The Time Machine (2002)

I watched several movies during my break from work. The first one was a movie which I seen a few times before but on checking my blog, saw that I hadn’t reviewed it. The movie in question is The Time Machine, which is based on the famous book by H G Wells of the same name and similar to the 1960 movie. Arnold Leibovit served as executive producer and Simon Wells, the great-grandson of the original author, served as director. The film stars Guy Pearce, Jeremy Irons, Orlando Jones, Samantha Mumba, Mark Addy, Sienna Guillory and Phyllida Law, and includes a cameo by Alan Young, who also appeared in the 1960 film adaptation.

However it does not take the entire plot of the book or the previous movie that did stick to the original story. Instead we have a very loose storyline that leaves you not entirely satisfied with the ending. There was so much more could have done with the movie, but it was like they were in a rush to finish the film. Maybe the directors wanted to keep the film short and short it is….it falls way short of my expectations and I think it was a waste to shoot this movie without having a well written script & thought out process. The film is set in New York City instead of London, and contains new story elements not present in the original novel or the 1960 film adaptation, including a romantic backstory, a new scenario about how civilization was destroyed, and several new characters, such as an artificially intelligent hologram played by Orlando Jones, and a Morlock leader played by Jeremy Irons.

After his fiance Emma is killed in a mugging gone wrong, Alexander creates a time machine within a 4 year span. He goes back in time and saves Emma by avoiding the park where she was killed but later that night she is killed by a runaway horse carriage. Alexander realizes that any attempt to save Emma will result in her death through other circumstances. Distraught, Alexander travels to 2030 to discover whether science has been able to solve his question of how to change the past. At the New York Public Library, a holographic sentient librarian called Vox 114 insists that time travel is impossible. Alexander travels to 2037, when the accidental destruction of the Moon by lunar colonists has begun rendering the Earth virtually uninhabitable. While restarting the time machine to avoid debris, he is knocked unconscious and travels to the year 802,701 before reawakening.

The human race has reverted to a primitive lifestyle and the Earth has healed. Some survivors, called “Eloi”, live on the sides of cliffs of what was once Manhattan. Alexander is nursed back to health by a woman named Mara, one of the few Eloi who speak English. He observes the broken moon and suggests that maybe his teachings led to this future. He makes friends with Mara and her younger brother Kelan, one of few Elio who still speak English.  The next day, the Eloi are attacked and Mara is dragged underground by ape-like monsters. The creatures are called “Morlocks” and they hunt the Eloi for food. In order to rescue her, Kalen leads Alexander to Vox 114, which is still functional after 800,000 years.

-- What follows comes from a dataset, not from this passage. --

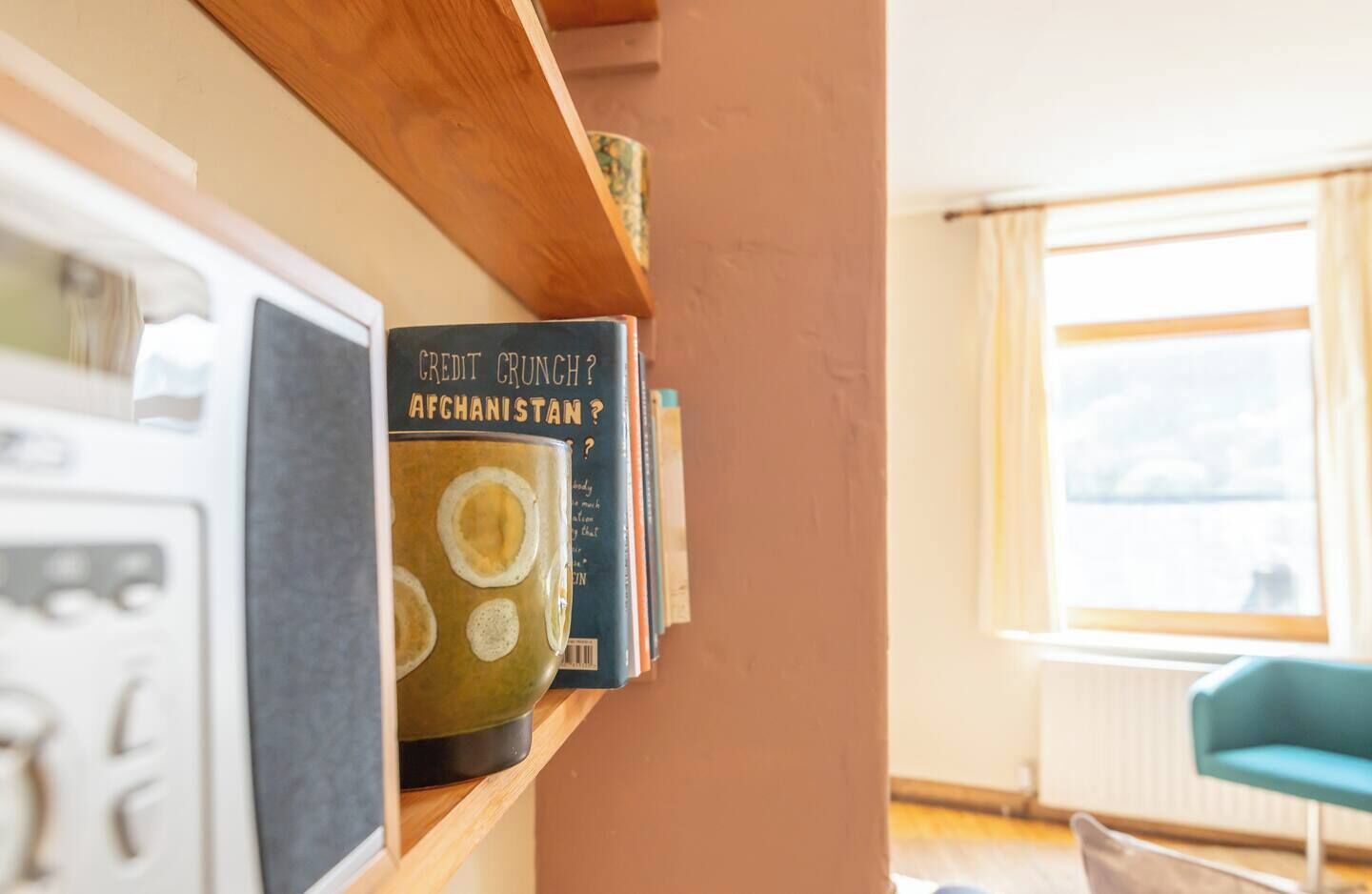 Een boekenplank met boeken en een magnetron.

Alex goes to an underground cave and is capture by the Morlocks and taken to an area where Mara sits in a cage. Alexander meets an intelligent, humanoid Morlock, who explains that Morlocks are the evolutionary descendants of the humans who went underground after the Moon broke apart, while the Eloi are evolved from those who remained on the surface. The humanoid Morlocks are a caste of telepaths who rule the other Morlocks. The Morlock explains that Alexander cannot alter Emma’s fate, because her death is what drove him to build the time machine in the first place: saving her would be a virtual impossibility due to temporal paradox. He then reveals that the Morlocks have brought the time machine underground, and tells Alexander to get into it and return home. Alex does but fights the Morlock and ages him by pushing him outside of the machine’s temporal bubble.

Alexander stops in the year 635,427,810, revealing a harsh, rust-colored sky over a wasteland of Morlock caves. He goes back and saves Mara, destroying the rest of the Morlock by starts the time machine and jams its gears, creating a violent distortion in time. Pursued by the Morlocks, Alexander and Mara escape to the surface as the time distortion explodes, killing the Morlocks and destroying their caves along with the time machine. Alexander begins a new life with Mara and the Eloi. Back in his own time, his housekeeper is talking with Philby, Alex’s best friend, who offers her a job in his household as he knows that Alex isn’t coming back.

I like this movie a lot but there are two many changes that don’t seem to fall in properly and the explanations of the newer themes and changes takes away the simplistic yet romantic charm of the original storyline. Nevertheless I still like it enough to rate it a 7.5 outta 10!